Saturday, April 7, 2018

Blessings of Civic Presence

A few weeks ago, a friend was telling me how, at the old Catholic church in Auburn, after Mass, as people were gathered outside, cars would sometimes drive by and the people inside would yell insults at the church attendees. That was the old church, which was on one of the major streets downtown, with constant traffic at close distance, and the church opened directly out on the street. 

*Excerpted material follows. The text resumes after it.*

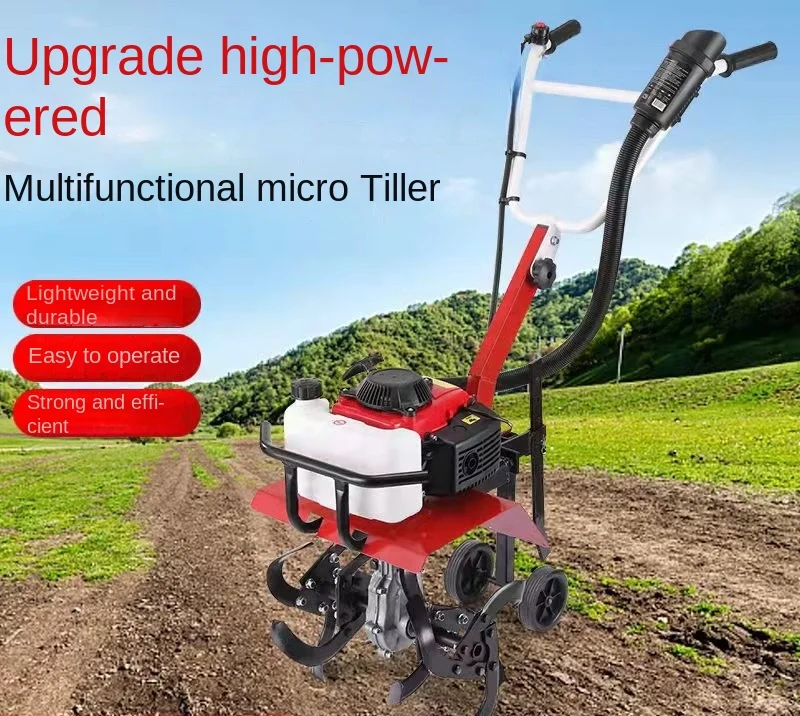 One click electric start rotary tiller multifunctional tiller weeding gasoline small micro tiller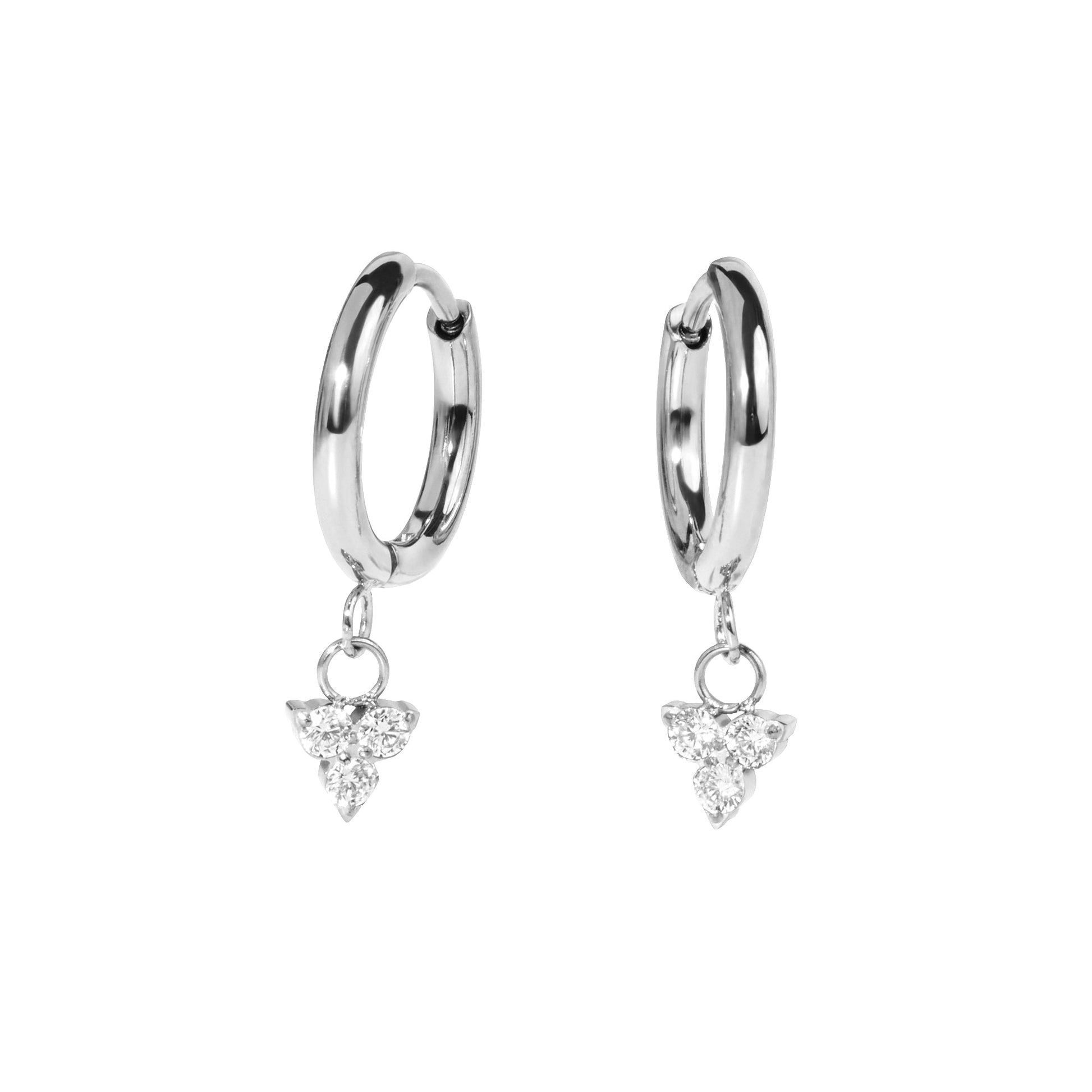 Silver stainless steel sleepers hoop earrings with 3 pendant stones waterproof and safe for sensitive ears MIAJWL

I was thinking about this as I was walking in downtown Opelika this morning, and noted how much of a civic presence the First Baptist Church has there. There is the Lee County Courthouse on one side of the main square, with its tall steeple, and on the south side of the square is the Baptist church, a huge white neoclassical complex with its own rival steeple. The church is not merely an institution of private worship; it is almost a public civic monument. The grounds of this church even enshrine the city’s Confederate memorial, a stone obelisk topped with a Confederate soldier toting a rifle. 

Contrast this with the new Catholic church in Auburn, which was built on cleared forest a mile north of downtown. This church doesn’t open onto the street; it opens into an interior hall. Few people stand outdoors after Mass, much less the conspicuously-vested clergy, and even if they did, there would be a vast expanse of parking lot between the doors of the church and the nearest street. And even if the church opened onto this street, it is a street where the cars drive so fast that they wouldn’t have much time to take notice of anything. And even if there were pedestrians, they may only be the occasional jogger on the sidewalk on the opposite side of the street.

There will never be anyone to drive by and yell anti-Catholic slurs at Auburn’s Catholics after Mass. We have retreated out of the civic sphere into the suburbs, into a private oasis separated from fast-moving disengaged motorists by an expanse of trees and lawn and ditch and asphalt.


Losing that 60s-era cupcake spaceship downtown was no loss, but the presence there was. At least they are building a Catholic student chapel closer to downtown. Hopefully it will be designed so that the students and clergy are blessed with the inconvenience of standing by the street after Mass so that they might be persecuted.